A pull request merged one night with two unresolved CodeRabbit MAJOR threads still open — the kind of comment (“this can throw on null”) you’re supposed to fix before shipping, not after. Nobody overrode anything. The gate just didn’t see them.
Here’s the setup, for anyone who isn’t knee-deep in GitHub. One of my automations writes code and opens pull requests — a “PR” is just a proposed change waiting to be accepted. A second Claude Code agent runs a night-shift audit over those PRs: it reads the code, checks the automated review bot’s comments, and posts a summary so I can approve the merge in the morning. I’m the human at the end of the chain, half-asleep, saying yes or no async.
The bug was in how the audit agent counted. It asked GitHub’s REST API for the PR’s /comments — and got a number. Zero unresolved-looking comments on the snapshot it took.
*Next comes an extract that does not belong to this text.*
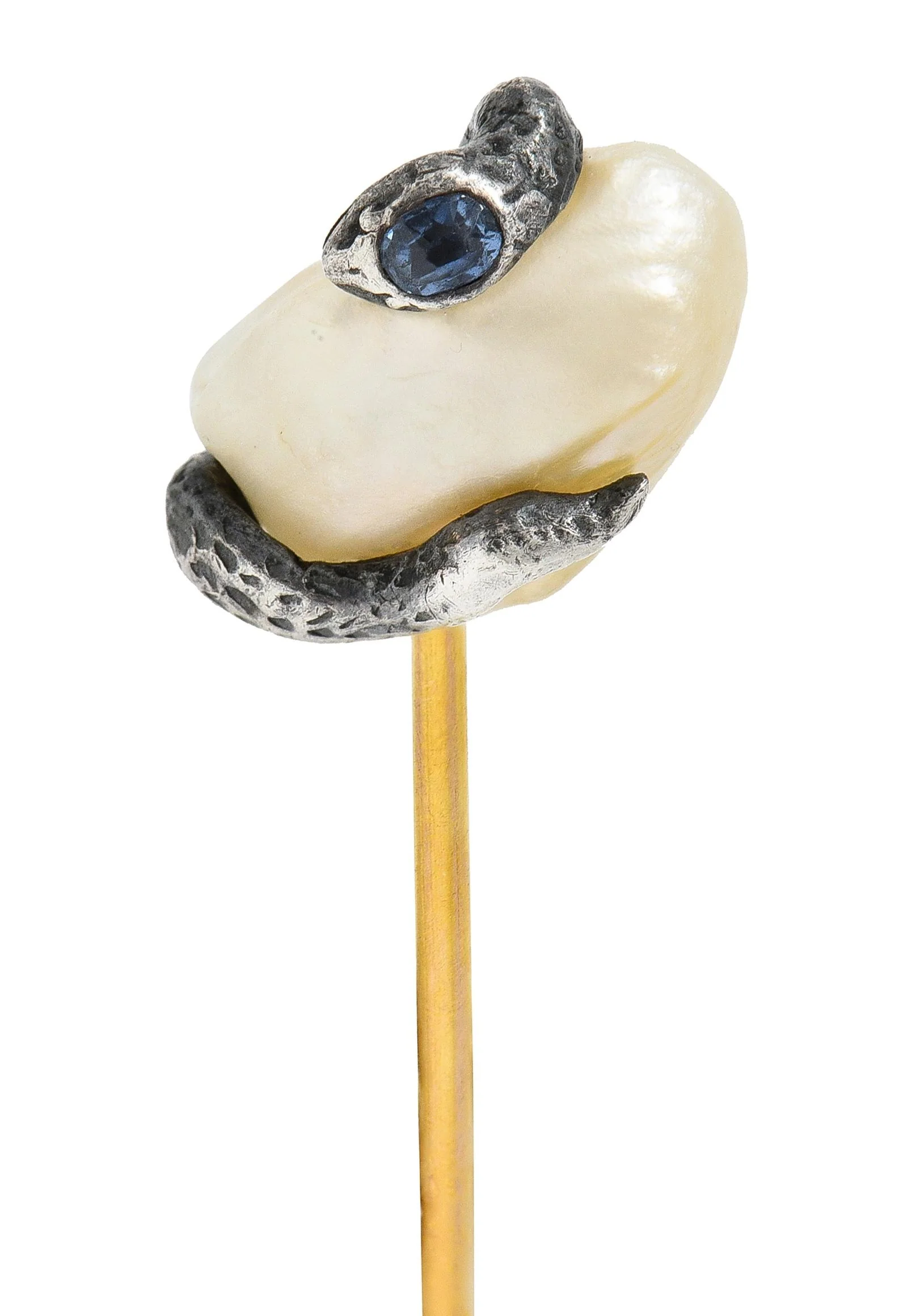 Victorian Sapphire Pearl Silver 14 Karat Yellow Gold Antique Snake Stickpin - Image 8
I skim-read that snapshot as “clean,” treated it as a merge ack, and the PR went in.
The problem: that count doesn’t mean what it looks like it means.
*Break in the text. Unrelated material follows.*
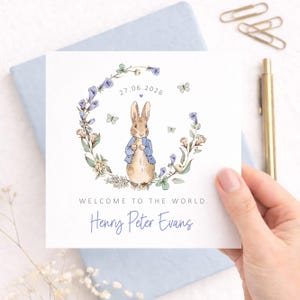 Personalised New Baby Card, Peter Rabbit Floral Design, Welcome to the World Baby Girl or Boy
GitHub’s REST comment count tallies top-level comments on the pull request. It says nothing about review threads — the little resolvable conversations attached to specific lines of code, the ones with a “Resolve conversation” button. A thread can be wide open, blocking, unaddressed, and still not move that REST number at all. It’s like checking whether a restaurant is busy by counting cars in the lot when all the diners took the train. Wrong instrument, confident answer.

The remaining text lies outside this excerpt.